Start of Data excerpt

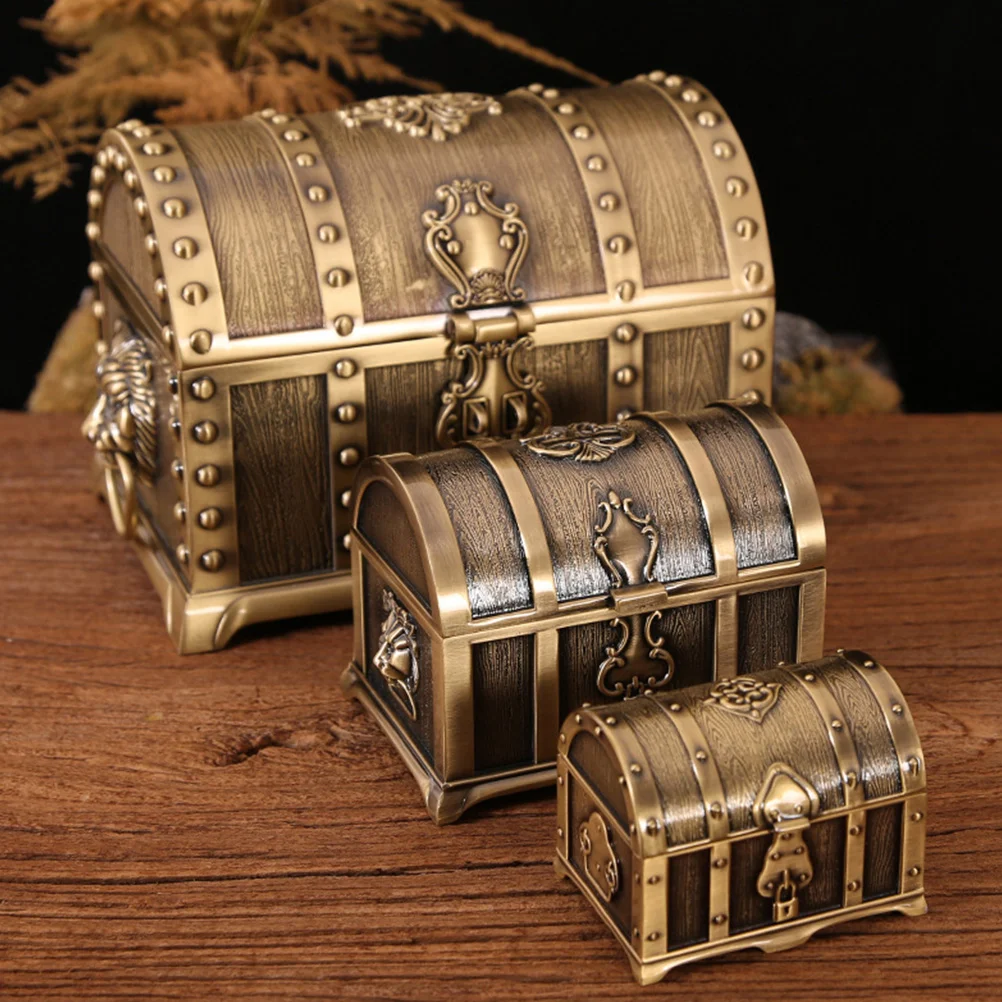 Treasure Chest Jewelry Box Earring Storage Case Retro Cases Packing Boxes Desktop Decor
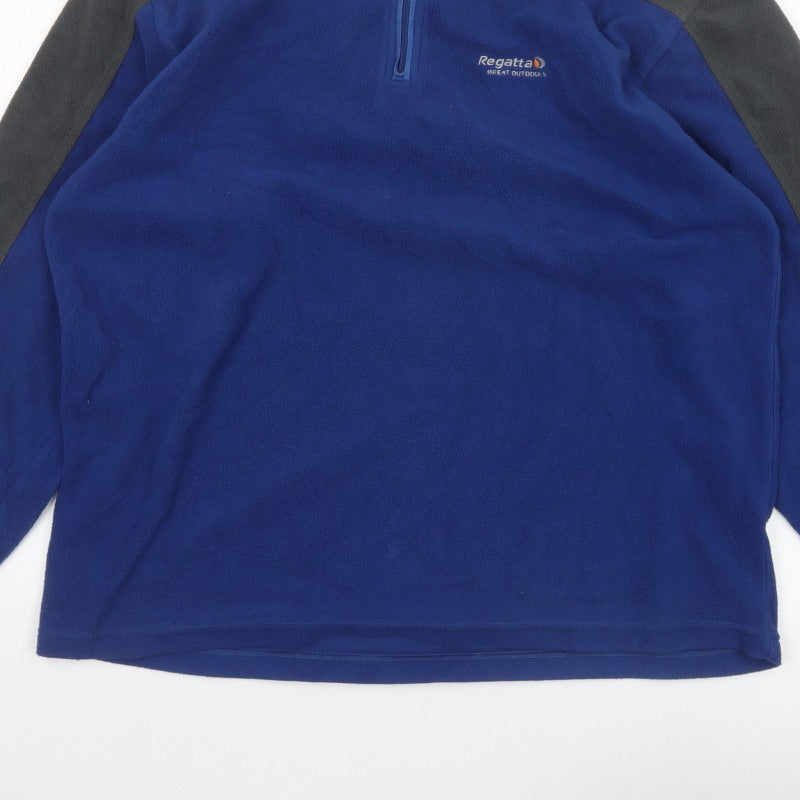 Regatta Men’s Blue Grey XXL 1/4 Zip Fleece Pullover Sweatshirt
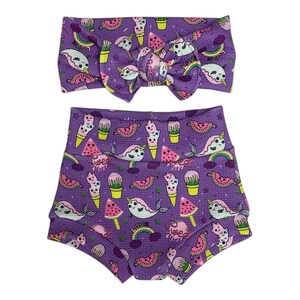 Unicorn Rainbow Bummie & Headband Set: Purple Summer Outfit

End of Data excerpt

◆ Work item:
Here the lines from the one with "Regatta Men’s Blue" through the last line of the data above need to be repeated exactly, both included, and any picture omitted.

◆ Answer space:
 Regatta Men’s Blue Grey XXL 1/4 Zip Fleece Pullover Sweatshirt
 Unicorn Rainbow Bummie & Headband Set: Purple Summer Outfit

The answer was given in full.